CPU affinity

Anthony

Registered
On a multi-processor Windows NT based machine you can bring up task manager, look at the list of running processes, right click and use the "Set Affinity" option to tell which processes to use which CPU. I'm wondering if there is something equivalent on OS X so that I could force certain processes to use certain CPUs and override the automatic threading/affinity. Any ideas? Or is it not even possible on the Darwin kernel?
 
I've already looked that over but can't find anything to do with affinity.. it doesn't even display information related to which CPU is doing what other than the overall load on each. I also noticed the unix command "pset" is missing from Unix side that would normally let you set the affinity, so I'm thinking maybe Darwin doesn't support on-the-fly changes in this manner. (Its entirely possible, I don't think Linux supports it either without special kernel hacks.)
 
isn't this also called "nice"? like, you can re-nice a process to allot more cpu? maybe i'm wrong.
 
Its not the same thing as nice. CPU affinity means selecting WHICH cpu does which thread. Its only something you consider on multiple-cpu machines. Nice changes the priority of a PROCESS. Processes are made up of one or more threads. Affinity is which physical CPU processes which thread. The system kernel automatically distributes threads across multiple CPUs but sometimes it doesn't do the most efficient job.

For example if I'm encoding a large video file (which is something I do quite often, the main reason I'm trying to figure out if this is possible), I could have a thread running for literally 10-20 hours. The thread is assigned to a CPU at the beginning of the task, which might make sense at the time... but after many hours depending on what else I'm doing on my machine it might not make sense to still be running it on that CPU. Its a nerdy nit-picky thing, but it would just be nice to be able to shuffle things around so that I'm getting the most out of the machine when I'm running these really long and intensive tasks.
 
in that case, an alternate solution might be to take a look at apples xGrid app. if you have multiple macs, it might make sense to let the large time-intensive task be distributed to other machines on your network.though, i suppose if you had a mac sitting around, you wouldn't be asking this question.
 
Its not the same thing as nice. CPU affinity means selecting WHICH cpu does which thread. Its only something you consider on multiple-cpu machines. Nice changes the priority of a PROCESS. Processes are made up of one or more threads. Affinity is which physical CPU processes which thread. The system kernel automatically distributes threads across multiple CPUs but sometimes it doesn't do the most efficient job.

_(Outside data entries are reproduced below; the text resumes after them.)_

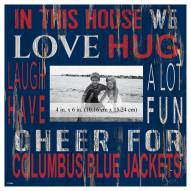 Columbus Blue Jackets In This House 10" x 10" Picture Frame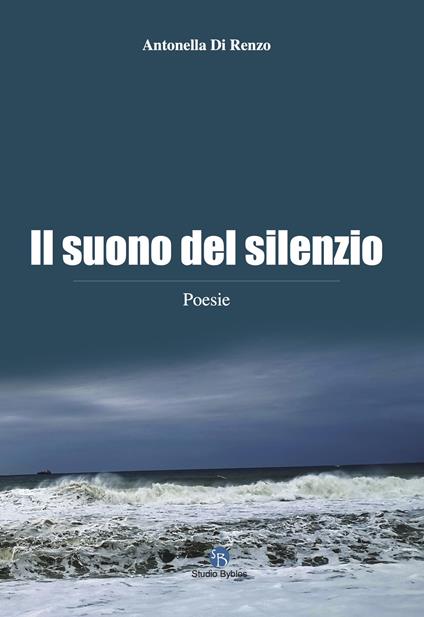 Il suono del silenzio - Antonella Di Renzo - copertina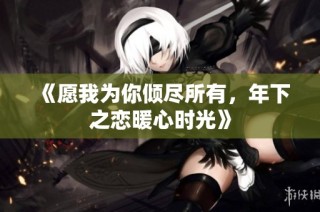 《愿我为你倾尽所有，年下之恋暖心时光》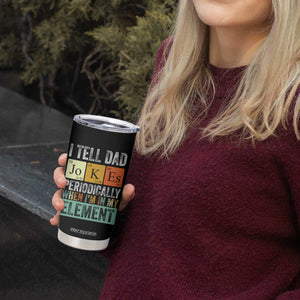 Funny I Tell Dad Jokes Periodically When Im In My Element Tumbler Cup Fathers Day TS11 Print Your Wear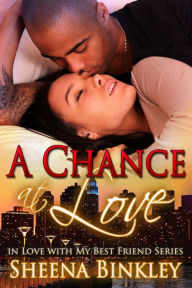 Title: A Chance at Love, Author: Sheena Binkley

For example if I'm encoding a large video file (which is something I do quite often, the main reason I'm trying to figure out if this is possible), I could have a thread running for literally 10-20 hours. The thread is assigned to a CPU at the beginning of the task, which might make sense at the time... but after many hours depending on what else I'm doing on my machine it might not make sense to still be running it on that CPU. Its a nerdy nit-picky thing, but it would just be nice to be able to shuffle things around so that I'm getting the most out of the machine when I'm running these really long and intensive tasks.

It looks like that you're looking for taskset.

Apparently, from the looks of it; that is NOT available in OS X. And also according to this source, it says that the FreeBSD version of that is cpuset.

Otherwise, it doesn't look like that it's possible at all.

I wonder if you can actually just download the source code for taskset/cpuset and then compile it for OS X. Hmmm...weird.